Neural audio synthesizer

Download

The project takes its name, SEMILLA AI, from the word “seed,” drawing a poetic parallel between the Deep Learning practice of using “seeds” (integer numbers to generate pseudo-random numbers) and the Mesoamerican Mixe ancient-contemporary divination practice known as “Mook pajk wëjwë”. In this context, “Mook” signifies maize, “pajk” refers to a seed, and “wëjwë (or wëjpë)” means to divine (Rojas, 2016). The divinatory practice serves as an interface to inject real-world randomness into the process of synthesizing new sounds using neural networks for sound synthesis. The SEMILLA AI instrument employs computer vision techniques to translate the coordinates of the thrown maize in the “world-space” interface and utilizes knobs to scale their values. The synthesis engine runs on a GPU-powered micro-computer, a Jetson Nano, enabling real-time audio inference. This neural audio synthesis engine is based on the open-source architecture called ‘RAVE: Realtime Variational Autoencoder’ developed by Antoine Caillon at acids-IRCAM. It adopts a ‘decoder-only’ approach, where the coordinates of the maize captured by the computer vision module are directly mapped into the ‘latent space,’ with each seed kernel corresponding to a specific ‘dimension’ in the VAE’s decoder.
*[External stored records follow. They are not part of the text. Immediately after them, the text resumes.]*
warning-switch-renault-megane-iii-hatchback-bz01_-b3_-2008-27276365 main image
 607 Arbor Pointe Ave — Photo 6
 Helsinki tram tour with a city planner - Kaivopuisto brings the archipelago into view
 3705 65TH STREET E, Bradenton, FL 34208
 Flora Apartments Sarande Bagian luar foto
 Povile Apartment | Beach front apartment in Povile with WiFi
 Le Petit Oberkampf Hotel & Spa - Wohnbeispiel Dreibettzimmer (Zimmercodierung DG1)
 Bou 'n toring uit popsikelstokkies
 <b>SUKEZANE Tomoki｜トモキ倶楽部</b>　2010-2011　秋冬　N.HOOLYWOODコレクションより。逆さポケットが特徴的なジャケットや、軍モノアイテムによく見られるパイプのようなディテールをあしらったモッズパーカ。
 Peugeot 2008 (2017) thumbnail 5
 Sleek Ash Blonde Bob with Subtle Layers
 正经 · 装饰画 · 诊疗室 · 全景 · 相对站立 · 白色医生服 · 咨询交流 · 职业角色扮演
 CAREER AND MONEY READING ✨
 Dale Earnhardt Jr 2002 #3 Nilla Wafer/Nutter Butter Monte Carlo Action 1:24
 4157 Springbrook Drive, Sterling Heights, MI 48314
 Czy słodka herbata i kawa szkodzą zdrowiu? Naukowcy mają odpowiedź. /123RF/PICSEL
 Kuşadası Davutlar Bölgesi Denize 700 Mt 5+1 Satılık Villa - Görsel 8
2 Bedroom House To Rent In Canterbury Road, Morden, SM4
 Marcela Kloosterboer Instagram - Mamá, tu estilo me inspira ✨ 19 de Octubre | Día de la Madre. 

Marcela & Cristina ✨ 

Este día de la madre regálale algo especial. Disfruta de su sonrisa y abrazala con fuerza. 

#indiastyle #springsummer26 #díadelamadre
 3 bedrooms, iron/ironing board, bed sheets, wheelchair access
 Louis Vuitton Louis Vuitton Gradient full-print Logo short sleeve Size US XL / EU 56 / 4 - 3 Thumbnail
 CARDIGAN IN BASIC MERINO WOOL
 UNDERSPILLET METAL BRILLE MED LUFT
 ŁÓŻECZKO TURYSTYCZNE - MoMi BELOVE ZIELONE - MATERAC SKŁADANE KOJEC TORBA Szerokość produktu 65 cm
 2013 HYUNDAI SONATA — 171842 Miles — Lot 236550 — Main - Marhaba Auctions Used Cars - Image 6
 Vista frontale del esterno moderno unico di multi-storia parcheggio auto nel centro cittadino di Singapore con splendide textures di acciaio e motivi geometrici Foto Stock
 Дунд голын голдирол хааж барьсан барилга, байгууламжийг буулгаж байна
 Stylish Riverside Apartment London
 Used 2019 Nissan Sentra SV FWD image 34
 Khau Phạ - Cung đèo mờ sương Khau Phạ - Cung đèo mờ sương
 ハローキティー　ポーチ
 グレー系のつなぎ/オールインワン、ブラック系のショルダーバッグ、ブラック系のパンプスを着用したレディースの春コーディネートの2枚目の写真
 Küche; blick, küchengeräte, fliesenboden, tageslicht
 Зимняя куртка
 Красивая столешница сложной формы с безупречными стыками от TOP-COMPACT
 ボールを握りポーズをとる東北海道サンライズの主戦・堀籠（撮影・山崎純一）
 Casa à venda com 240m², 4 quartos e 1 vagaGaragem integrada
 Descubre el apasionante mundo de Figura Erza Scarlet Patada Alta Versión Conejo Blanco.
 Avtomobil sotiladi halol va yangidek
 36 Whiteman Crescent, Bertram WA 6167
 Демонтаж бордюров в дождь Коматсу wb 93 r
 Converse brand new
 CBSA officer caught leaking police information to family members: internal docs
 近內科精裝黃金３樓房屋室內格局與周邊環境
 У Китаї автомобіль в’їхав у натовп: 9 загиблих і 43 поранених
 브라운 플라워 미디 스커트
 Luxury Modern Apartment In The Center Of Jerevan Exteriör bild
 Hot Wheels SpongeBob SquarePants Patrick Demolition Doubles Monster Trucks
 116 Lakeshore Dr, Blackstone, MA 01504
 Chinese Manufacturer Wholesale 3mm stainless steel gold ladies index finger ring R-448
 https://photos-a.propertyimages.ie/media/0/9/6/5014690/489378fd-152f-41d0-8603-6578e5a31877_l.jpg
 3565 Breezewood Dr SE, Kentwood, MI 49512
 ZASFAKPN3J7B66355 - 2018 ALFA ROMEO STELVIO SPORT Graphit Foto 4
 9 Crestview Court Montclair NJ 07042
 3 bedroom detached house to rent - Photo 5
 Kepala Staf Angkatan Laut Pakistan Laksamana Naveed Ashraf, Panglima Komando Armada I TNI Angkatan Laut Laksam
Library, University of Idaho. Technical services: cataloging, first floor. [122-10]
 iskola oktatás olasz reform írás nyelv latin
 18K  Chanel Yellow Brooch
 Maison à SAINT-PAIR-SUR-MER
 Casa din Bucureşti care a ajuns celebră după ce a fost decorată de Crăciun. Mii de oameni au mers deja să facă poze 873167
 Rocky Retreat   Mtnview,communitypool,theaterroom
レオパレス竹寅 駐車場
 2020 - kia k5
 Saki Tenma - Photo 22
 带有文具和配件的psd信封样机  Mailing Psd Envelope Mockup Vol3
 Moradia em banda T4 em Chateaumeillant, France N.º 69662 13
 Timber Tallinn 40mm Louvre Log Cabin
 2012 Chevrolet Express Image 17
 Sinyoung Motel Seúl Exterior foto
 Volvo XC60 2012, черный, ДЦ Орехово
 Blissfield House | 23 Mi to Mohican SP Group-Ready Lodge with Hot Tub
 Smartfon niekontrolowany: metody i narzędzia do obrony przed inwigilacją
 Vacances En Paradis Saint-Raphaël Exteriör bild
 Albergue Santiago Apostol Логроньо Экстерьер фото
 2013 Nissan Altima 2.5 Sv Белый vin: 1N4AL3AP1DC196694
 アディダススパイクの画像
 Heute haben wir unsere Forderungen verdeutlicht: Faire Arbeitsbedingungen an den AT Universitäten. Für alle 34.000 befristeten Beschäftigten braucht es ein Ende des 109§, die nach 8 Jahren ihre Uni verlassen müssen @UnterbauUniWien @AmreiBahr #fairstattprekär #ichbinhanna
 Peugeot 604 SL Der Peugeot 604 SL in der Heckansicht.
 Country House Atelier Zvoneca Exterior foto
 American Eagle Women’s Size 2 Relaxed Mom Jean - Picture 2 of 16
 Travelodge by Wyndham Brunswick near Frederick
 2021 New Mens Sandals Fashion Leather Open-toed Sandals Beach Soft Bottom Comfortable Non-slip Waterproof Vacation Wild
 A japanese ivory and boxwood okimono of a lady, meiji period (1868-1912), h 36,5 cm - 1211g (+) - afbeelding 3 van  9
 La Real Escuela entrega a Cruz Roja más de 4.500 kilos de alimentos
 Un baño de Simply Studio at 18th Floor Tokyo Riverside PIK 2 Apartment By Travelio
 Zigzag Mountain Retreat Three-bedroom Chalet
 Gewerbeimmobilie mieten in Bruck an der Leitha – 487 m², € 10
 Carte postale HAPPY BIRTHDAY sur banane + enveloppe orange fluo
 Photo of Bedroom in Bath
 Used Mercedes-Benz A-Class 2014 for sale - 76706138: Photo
SEMILLA AI, authored by Moisés Horta Valenzuela under the pseudonym 𝔥𝔢𝔵𝔬𝔯𝔠𝔦𝔰𝔪𝔬𝔰, delves into the world of divination, a technique used for interpretative pattern recognition across ancient and contemporary cultures. This practice, ranging from the Chinese I Ching’s casting of fifty yarrow stalks to Tarot card readings, involves decoding seemingly random arrangements and symbolism to predict the future. These divinatory traditions have deep historical roots in magic and proto-scientific fields, like alchemy, all sharing a common goal of unraveling intricate patterns in reality to make life more manageable. SEMILLA AI is a project that explores the techno-poetics of Mesoamerican divination through “maiz throwing” and positions it as an interface for uncovering and exploring the “latent space” or hyperdimensional data distribution within a generative neural network for audio synthesis.